By John Ross
About 20 miles down the French Broad River from Asheville, the flood plain widens to about 900 feet. At this point, for millennia, Cherokee and their ancestors crossed the shallow river. Above this section of river, a steep bluff climbs to a rolling plateau. This was the drovers’ road from Greeneville, TN, to Greenville, SC. The route officially became the Buncombe Turnpike in 1827.
Here in the 1830s, David Vance, Jr. and his wife, Mira, opened a stock stand where Vance allegedly fed 90,000 hogs in a month. The stand was worked by slaves. Leah was reputed to be the region’s best cook, Jim was the blacksmith and Venus nannied the Vance’s eight children. Third born among them was Zebulon, who would grow up to become a Confederate colonel and twice North Carolina’s governor, once during the Civil War and again during Reconstruction.
With his father’s death in 1844, Zeb acquired the stock stand. The area around it was then known as Lapland, the name of the post office located in his uncle Adolphus Baird’s inn and tavern. As population in the area grew, so did a desire for independence from Buncombe County. In response, the legislature passed an act on January 27, 1851, that created Madison County. The act, according to some reports, expressly forbade locating the new county’s courthouse within two miles of the French Broad River.
Initially, court sessions were held in a log house up on Jewell Hill in the area now known as Walnut. Jewell was a vibrant little community where militias mustered. Area residents believed it was the logical choice for the permanent county seat. However, Zeb had donated 50 acres at Lapland, and his uncle and a few of his well-connected friends lobbied hard to build the courthouse on that location. So certain was Zeb that the courthouse would be built near his family’s stock stand, that he wrote to his fiancée Harriet Espy: “You may expect to see, next time pass the place, a flourishing and romantic village.”

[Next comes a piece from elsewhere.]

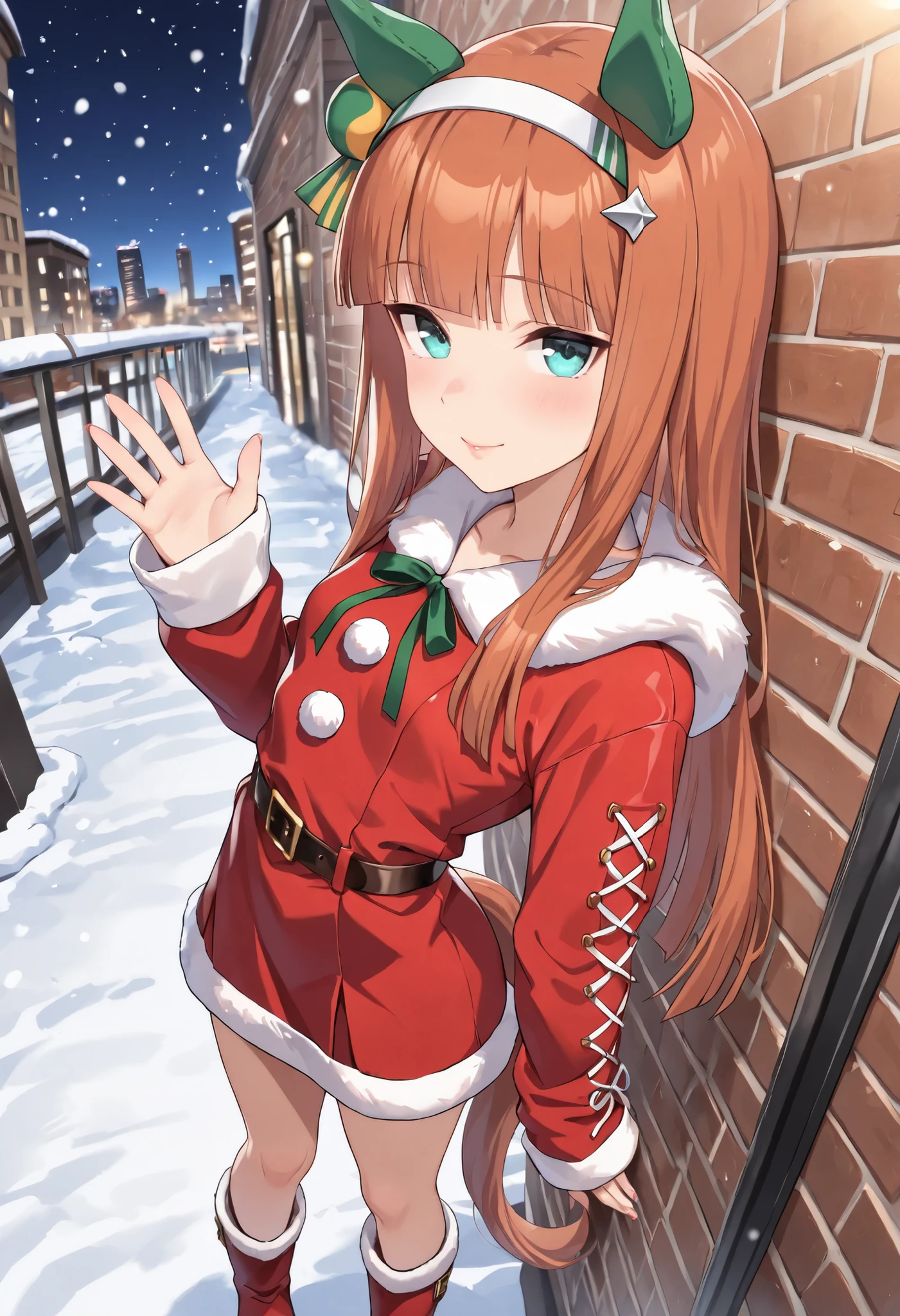 (masterpiece, best quality, perfect face:1.4), wide angle, silence suzuka \(umamusume\), 1girl, horse ears, ear cover, white headband, small breasts, horse tail, tail on the lower back, proportional body, proportional,1 girl, beautiful hair, beautiful face, beautiful detailed eyes, beautiful clavicle, beautiful body, beautiful chest, beautiful thigh, beautiful legs, beautiful fingers, looking at viewer, BREAK, Santa outfit, wearing an oversize dress, loose and cozy fit, Single sleeve, Sleeves past wrists, black-Cross-laced sleeves, santa costume, white fur trim, red velvet dress, translucent ribbon, winter boots, night, brick wall, winter, snow, city, nails, lips, BREAK, ecstatic expression, Ergonomically Correct Body, textured skin, realistic skin, HDR, BREAK, (perfect hands, perfect anatomy),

The legislature created a committee to select the site for the courthouse. The result was a tie, but one member, Larkin Johnson, was missing. A delegation sought him out and found him planting his garden. To convince him to cast his ballot in favor of the courthouse at Lapland, he was promised free turnip seed, and he accepted the bribe.
The growing town was renamed for John Marshall, chief justice of the U.S. Supreme Court, and a two-story, brick courthouse was erected in 1857. The 1880s brought prosperity to Marshall, including the railroad, a hydroelectric dam and a large cotton mill. So strong was enthusiasm for the future that the county court approved $30,000 to build a new, grand courthouse in Marshall. Designed by Richard Sharp Smith, supervising architect of Biltmore House, and completed in 1907, the building still stands as a stunning monument to the promise of the Gilded Age.